I would recommend the same approach - create a web page on a real domain (Github pages is awesome for this) to go along with your extension. This means your extension can't work offline, but neither can your login or writing to Firebase!
This will work using Google Plus Login Flow which I believe is the only one that allows cross authentication so the scopes are Google Plus Login.
"www[dot]googleapis[dot]com/auth/plus.login"
So what is happening here is you will get the access_token from the extension which you will be sending to firebase with the request using authwihtoauthtoken specifying google as a provider along with the access_token acquired from chrome.identity.getAuthToken()!
https://www.firebase.com/docs/web/api/firebase/authwithoauthtoken.html
Now the fact is that this access token could be issued by any other app, so we need to make sure that it is valid and has been issued for our app, basically we need to know there isn't man in the middle trying to access our database.
This verification is being made by the firebase.
They will check if this token belongs to the same application as the token has been issued to.
So you will need to create another set of credentials under the same application in the google developers console as for your extension.

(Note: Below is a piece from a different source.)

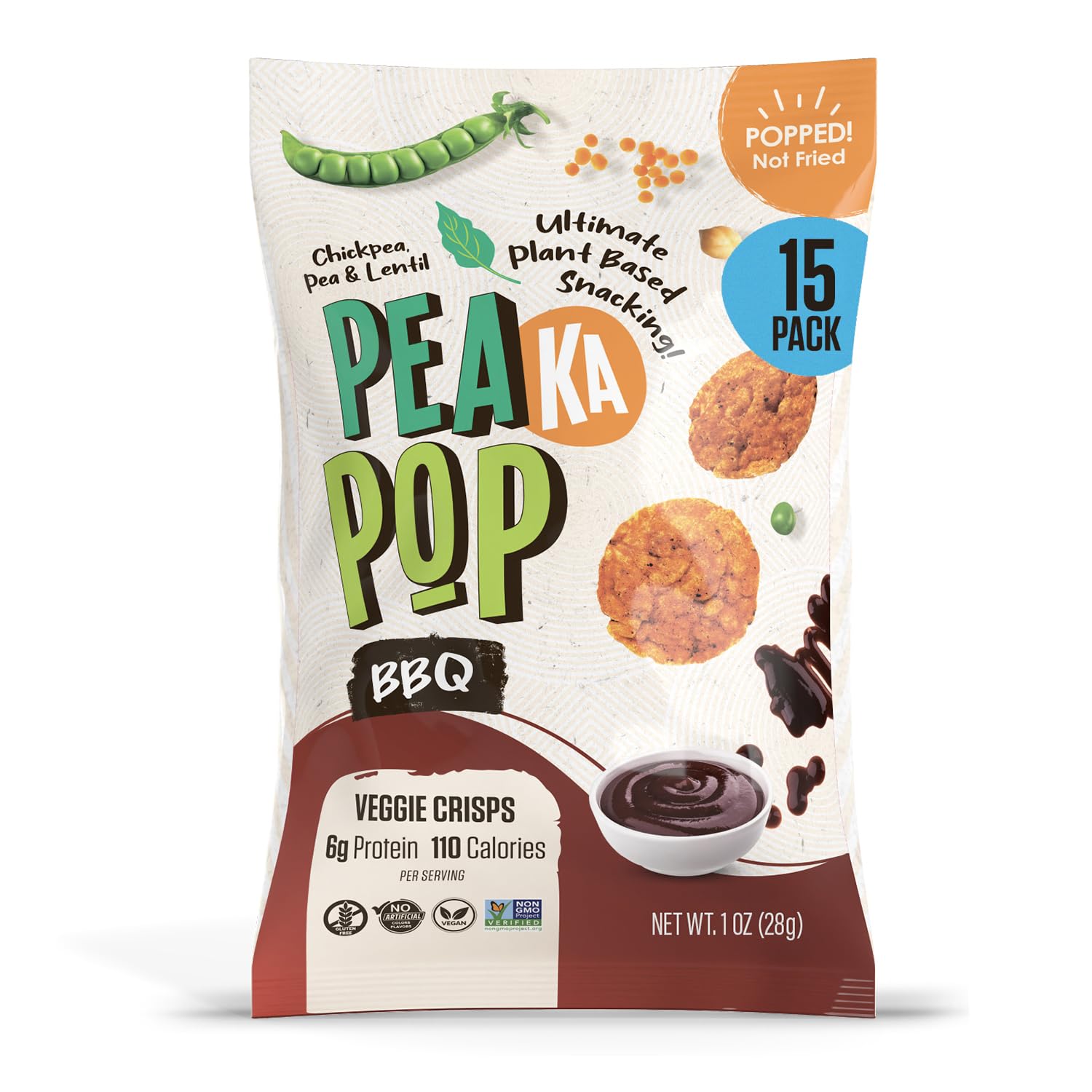 PeaKaPop Veggie Chips – Plant-Based, Healthy Veggie Crisps with Pea, Lentil & Chickpea Protein – Vegan, Gluten-Free, Popped Chips – Snack Size for Kids & Adults – 1 oz Bags (15-Pack) – BBQ - Image 3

We will be basically doing the same thing as if we were to do it for our webpage but we will be inserting this new set of credentials to firebase's google oAuth in their security section.
They will do this check for us there. They will verify with google if the token is issued to the same app.
That's it.
Background Information.
https://developers.google.com/identity/protocols/OAuth2UserAgent#validatetoken
Use case
Sending ID tokens with requests that need to be authenticated. For example, if you need to pass data to your server and you want to ensure that particular data came from a specific user.
When to verify the access
All tokens need to be verified on your server unless you know that they came directly from Google. Any token that you receive from your client apps must be verified.
Google has a tutorial how to do this for python found at:
"github[dot]com/googleplus/gplus-verifytoken-python"
So basically what is happening here is; instead you doing to verification from on your server, firebase does this verification for you when you enter the CLIENT_ID and APP_SECRET into the firebase and enable the Google Authentication.
The way to do this correctly is a combination or same style of verifying to whom the client_secret was issued. Chrome will give you a access_token and then this access_token will be checked on the firebase's backend.